Tom Dunne: Kneecap put Belfast back on the map as a great place for gigs

My daughter's trip north last weekend ensured she was one of 90,000 people who saw Kneecap play between the Vital festival and Electric Picnic  
Tom Dunne: Kneecap put Belfast back on the map as a great place for gigs

Music fans at the Kneecap gig at Belfast Vital. Picture: Liam McBurney/PA Wire

Kneecap’s triumphs at the weekend both at the Electric Picnic and Boucher Road Belfast were the stuff of dreams. Or nightmares, depending on which side of the historic divide you play the drums for. Surreal at the very least, if not unreal and just a tad “batshit crazy”.

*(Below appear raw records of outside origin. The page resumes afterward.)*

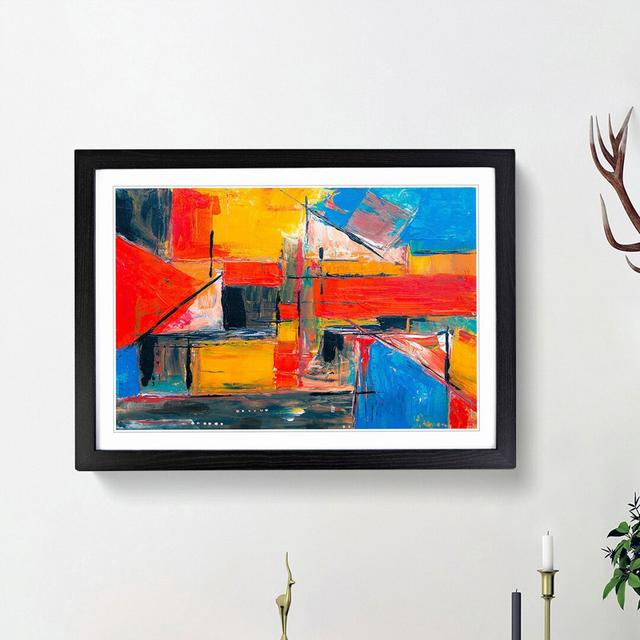 Abstract Vol.388 by S.Johnson - Picture Frame Painting Print East Urban Home Size: 27cm H x 36cm W x 2cm D, Frame Option: Black Framed on Productcaster.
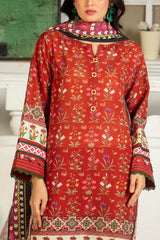 3 Piece Printed Khaddar Suit with Dupatta SD-52210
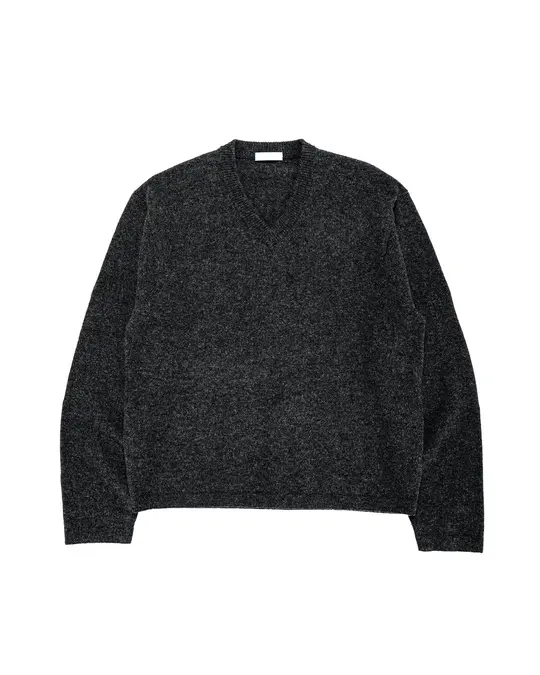 Lady White Co. Wool V Neck Sweater Charcoal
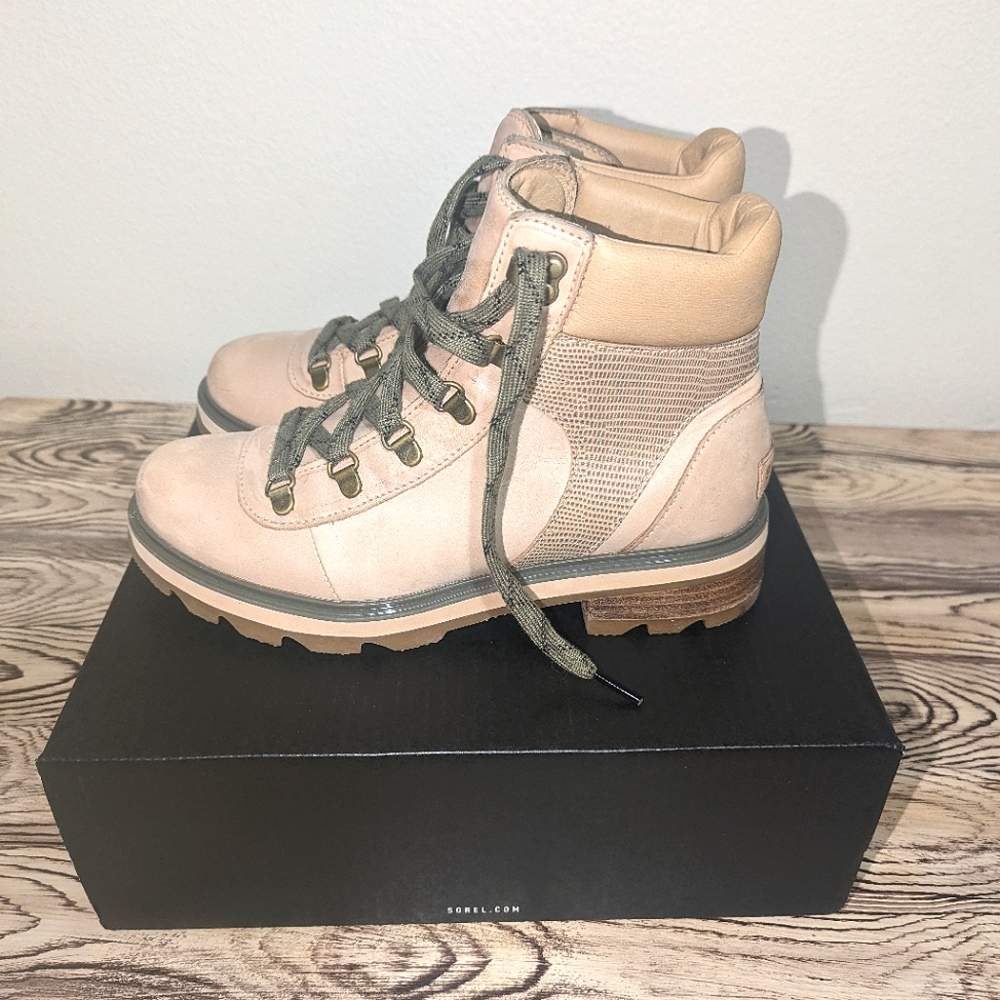 Women's SOREL Lennox Hiker Stacked Waterproof Boots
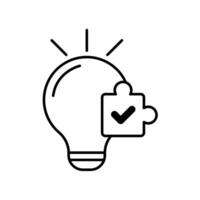 Icon a solution, isolated against a clean background. vector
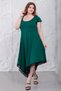 Women's Plus Size Lace Detailed Midi Dress – Plus Size Relaxed Fit Stylish Casual Dress - 2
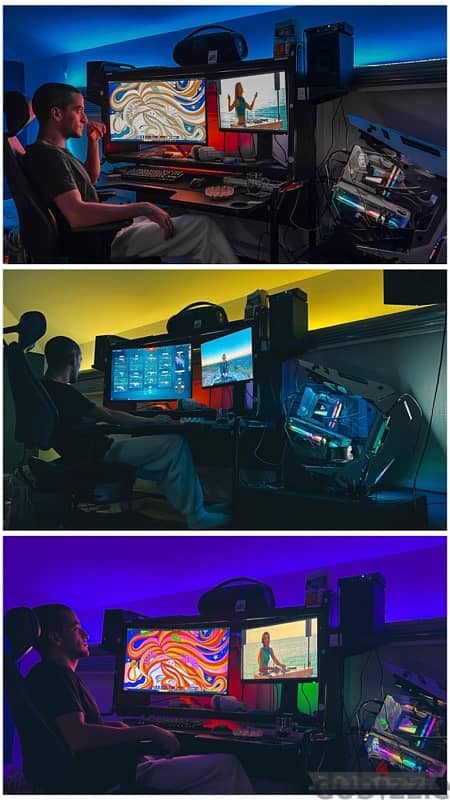 + gaming chair and desk تجميعة high end gaming pc 3080 rtx 1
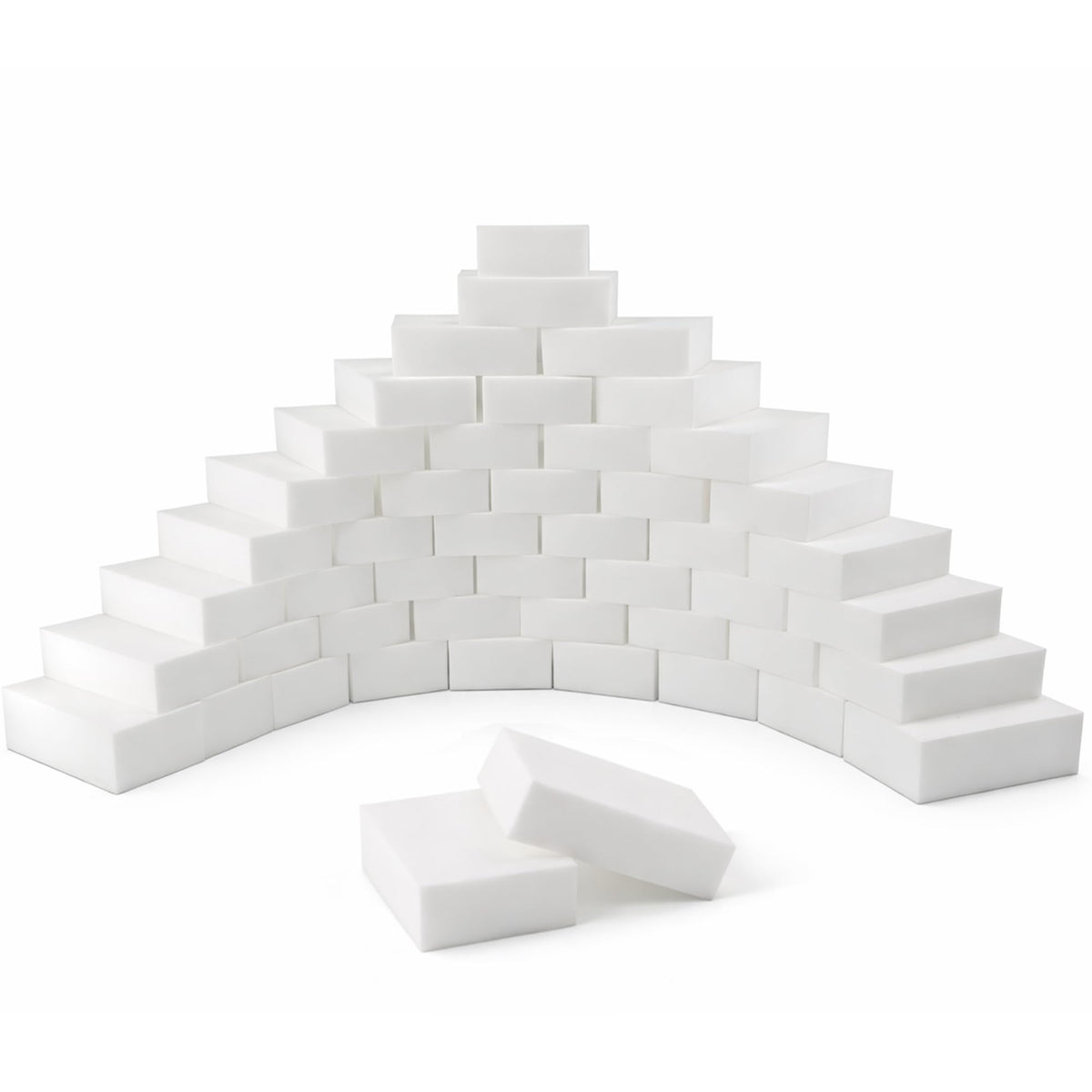100 Pack Magic Cleaning Sponge Erasers, Non-Scratch Melamine Sponges Bulk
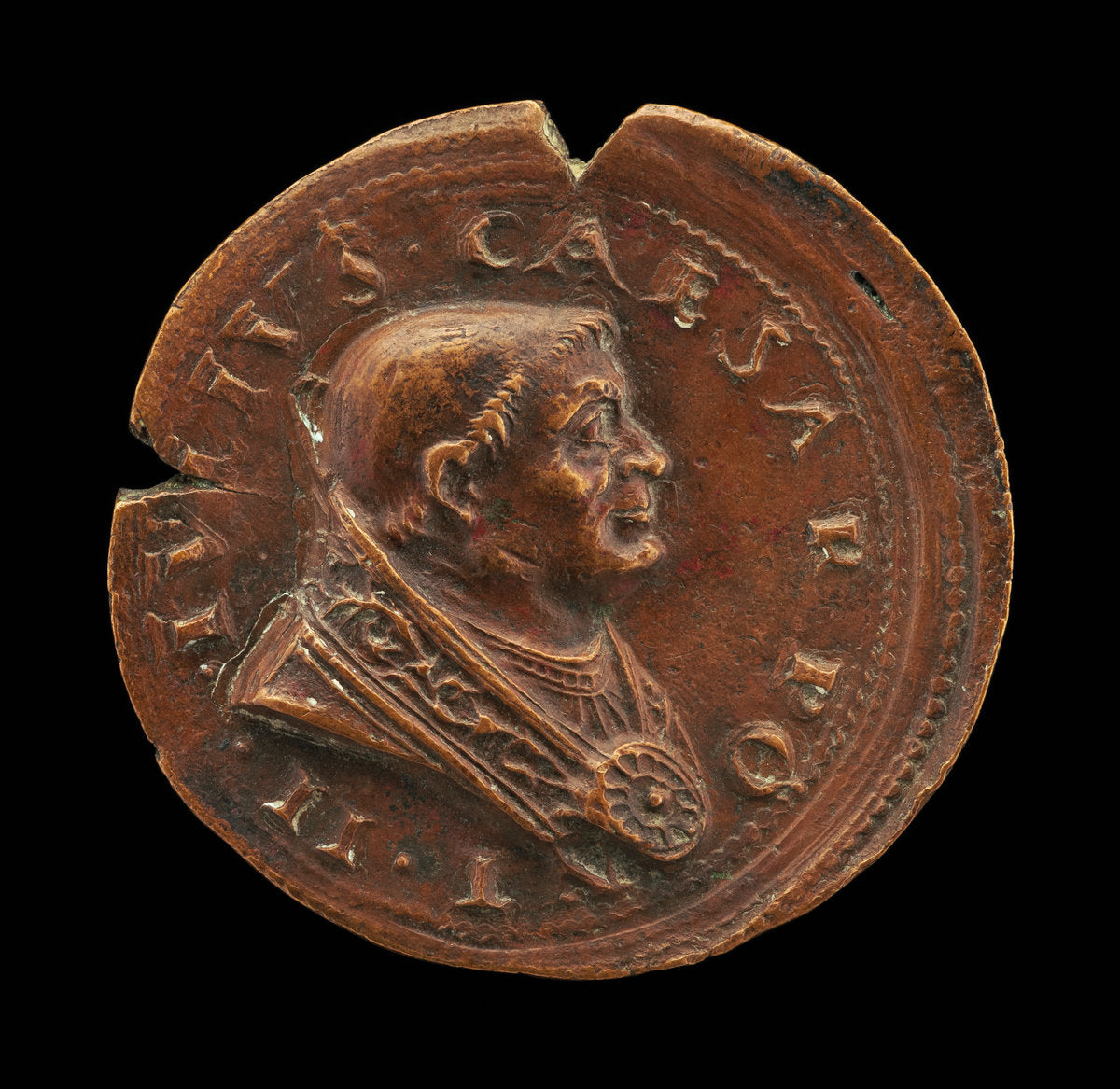 1507 by Roman 16th Century (Julius II (Giuliano della Rovere, 1443-1513), Pope 1503 [obverse]), 16X12"(A3)Poster Print
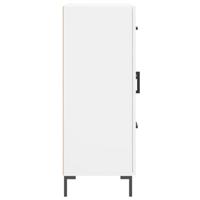 Dressoir 69,5x34x90 cm bewerkt hout wit - thumbnail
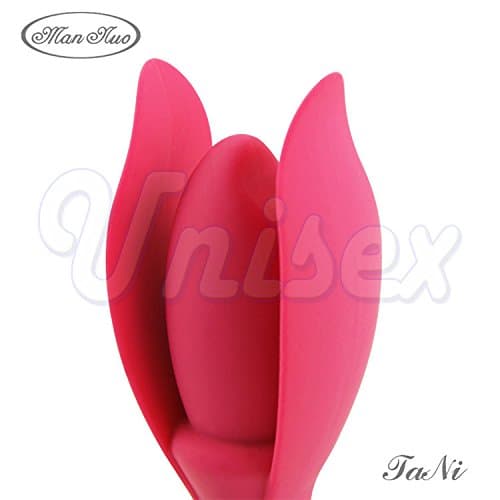 Maxade(TM) Waterproof 10 Modes Rechargeable Silicone G-S pot Tri-Points Stimulating Paddle Se x Vi bra tor for Women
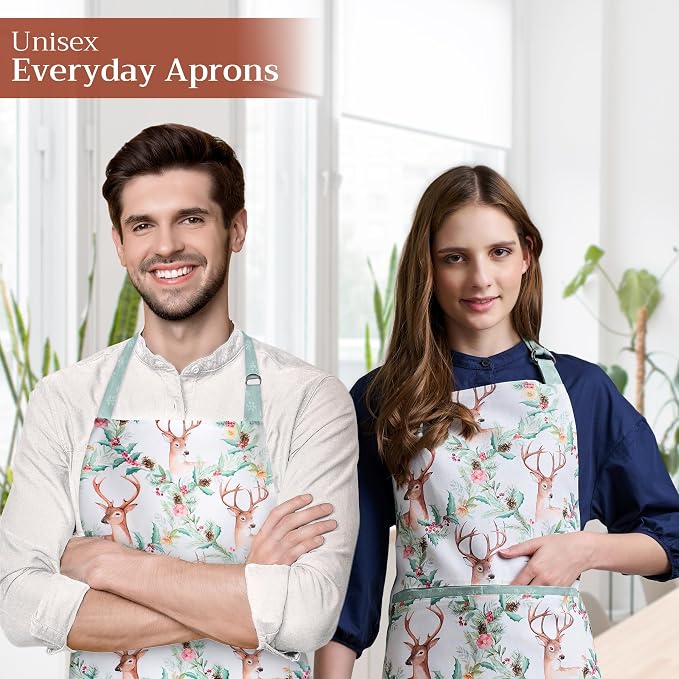 Maison d' Hermine 100% Cotton Apron for women with Pocket Kitchen Chef Apron for Men Cooking Mothers Day Gifts - Image 6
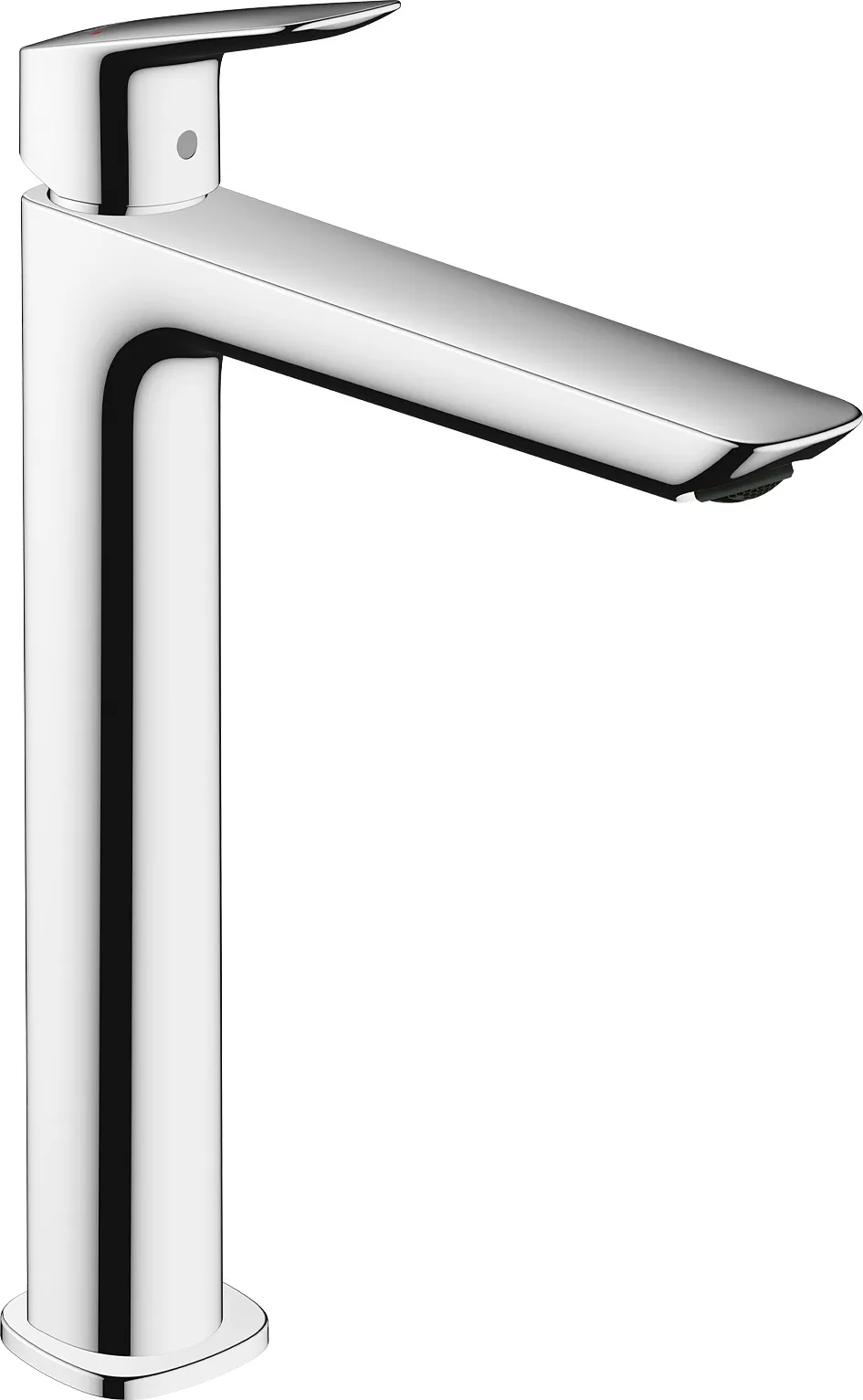 Logis Q Bir dastali lavabo aralashtirgichi 240 Fine, kosa lavabolar uchun, pop-up drenaj klapani bilan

As the lads themselves said of their EP performance “Our biggest ever gig…50,000 sound Fenians in a field.” In total they played to 90,000 “sound Fenians” in two days. Although I’m not sure they were all Fenians. My daughter was there and wouldn’t know a Fenian from a Free Presbyterian.

She’d travelled to Belfast on the Friday, a date, August 29th, that has been giving me sleepless nights since May. Particularly since July 12th when I drove through the North on the Unionists’ big day. For those of us of a certain age, that is never not scary.

The mile-high bonfires were one thing – seeing them in real life is so much worse than on TV - but the flags were something else. There were the Union Jacks, obviously, but scattered amongst them too were Israeli flags. “Whatever side you’re on,” they seemed to say, “be clear, it isn’t ours.”

 My daughter’s visit north passed without incident. She loved it. Belfast has now been added to a list of cities that she thinks are “great craic” and “fun places to see a gig.” It wasn’t always like this.

Kneecap on stage at Belfast Vital.  Picture: Liam McBurney/PA Wire
Kneecap on stage at Belfast Vital.  Picture: Liam McBurney/PA Wire

The plight of dads like me was expressed beautifully in a Tweet that caught my eye a few days later from a dad from the other bus. Amazed at how much Kneecap were the “talk of Twitter” he resolved to give “a perspective from the Unionist community” as he put it.

He explained, eloquently, that his daughter was a Kneecap fan and her friend a Fontaines DC fan and he had gone with them to make sure they got home safe. We would be birds of a feather there. Not a great fan himself, he said, but he had loved the Kneecap film.

He’d known it was always going to be a Nationalist celebration, but he was fine with that. He saw himself as an outsider and a guest and said he had never felt intimidated. In fact, he had nice chats with the other dads at the back. BBC 6 dads of all persuasions.

His daughter, obviously, shares his Unionist background but spent the night draped in a tricolour. He saw it more as a gig outfit than anything else and even bought her an Ireland top from O’Neill’s to make the ensemble complete. A Fenian for a day, as it were.

He enjoyed Kneecap, Fontaines DC not so much. He did not feel “Brits Out” was ever directed at him. He concluded by saying “You may now call me a Lundy.” I’ll let you Google that historic reference yourself, it’s worth it.

Kneecap merchandise for sale outside Belfast Vital. Picture: Liam McBurney/PA Wire
Kneecap merchandise for sale outside Belfast Vital. Picture: Liam McBurney/PA Wire

I couldn’t help but marvel. When the Troubles were at their peak Northern Ireland was a wasteland for gigs. Big acts wouldn’t travel, and the cool UK pub-rock scene never made it there either. Your options, even as late as 1975, were either a showband or a covers band playing the local hall.

These were sectarian events. It would generally be a local church hall, and they would be either Protestant or Catholic as would the bands playing in them. Derry and Belfast were described at the time as “two cities trapped in cultural hibernation.”

 It’s ironic that a band releasing tracks called God Save the Queen and Anarchy in the UK could change all that. When the Sex Pistols started touring in the UK in February 1976, bands seeing them immediately spilt up and reformed as punk bands. By December, with the infamous Bill Grundy interview on TV, the die was cast.

In Belfast, a Deep Purple covers band called Highway Star instantly rebranded as Stiff Little Fingers. The Harp Bar opened its doors to punk bands of all persuasions. It soon became one of the definitive punk rock venues, up there with CBGBs and the 100 Club.

Terry O’Neill opened the Good Vibrations shop and set up the Good Vibrations record label. Bands like SLF, The Undertones, Rudi, The Outcasts and Protex were suddenly united. Because teenage dreams were hard to beat.

The murals of terrorists have given way to murals of Terry Hooley. We are all Kneecap-loving Lundys now.